ISLAMTODAY ID-Menteri luar negeri Rusia telah meminta lima besar kekuatan nuklir untuk berkomitmen mengesampingkan perang nuklir.
Rusia tidak mengancam siapa pun dengan perang nuklir, Menteri Luar Negeri Rusia Sergei Lavrov mengatakan kepada Al Arabiya dalam sebuah wawancara pada hari Jumat (29/4).
Menurutnya, Barat, bersama dengan Ukraina, yang menggoda dengan retorika “perang nuklir”.
“Kami tidak pernah bermain dengan konsep berbahaya ini. Tidak pernah. Kita semua harus berkomitmen pada pernyataan “lima nuklir” – perang nuklir tidak akan pernah bisa dipicu,” ujar Lavrov menekankan, seperti dilansir dari Sputniknews, Sabtu (30/4).

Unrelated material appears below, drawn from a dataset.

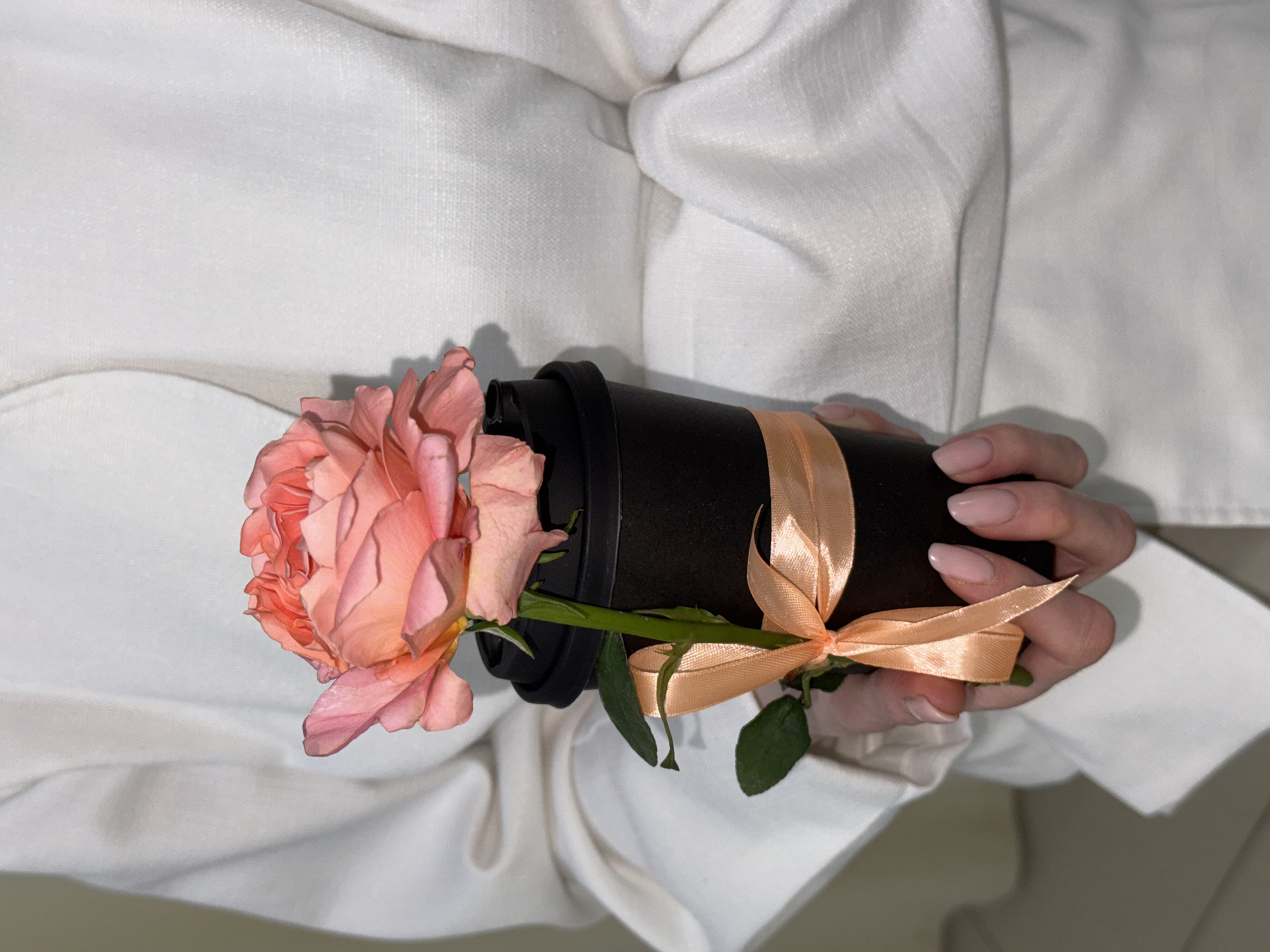 A close-up shot depicts a person holding a black reusable coffee cup, adorned with a peach-colored ribbon, in which a peach-colored rose is placed. The person is wearing a white linen shirt. The scene's location is Chaikovsky, Russia.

Dia mencatat bahwa Rusialah yang telah berulang kali mendorong adopsi pernyataan atas nama semua negara nuklir yang menegaskan komitmen untuk tidak menggunakan senjata nuklir pertama kali.

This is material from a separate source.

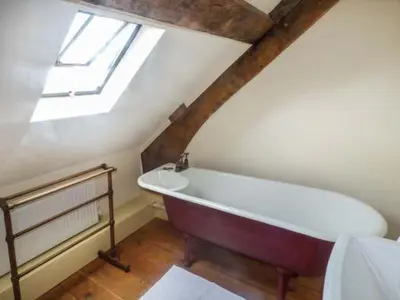 a attic bathroom with a bath tub and a window at Tyn Llwyn in Dolgellau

Sementara pemerintahan Trump menolak untuk menerima pernyataan seperti itu, pernyataan tersebut diadopsi setelah pertemuan pertama Presiden Rusia Vladimir Putin dan Presiden AS Joe Biden di Jenewa.
Lavrov melanjutkan dengan mengatakan bahwa Moskow tidak menganggap dirinya berperang dengan NATO, karena itu “akan menjadi langkah yang akan meningkatkan risiko dari apa yang baru saja kita diskusikan [perang nuklir]”.
“Sayangnya, ada perasaan bahwa NATO percaya bahwa mereka sedang berperang dengan Rusia. NATO, AS, para pemimpin Eropa, banyak di antaranya, khususnya di Inggris, AS, Polandia, Prancis, Jerman, dan tentu saja, kepala diplomasi Eropa [Josep] Borrell langsung mengatakan bahwa [Presiden Rusia Vladimir] Putin harus kalah, Rusia harus dikalahkan.” ujar menteri.
Lavrov juga menyoroti bahwa Rusia tidak menggunakan tentara bayaran asing, termasuk dari Suriah, di Ukraina.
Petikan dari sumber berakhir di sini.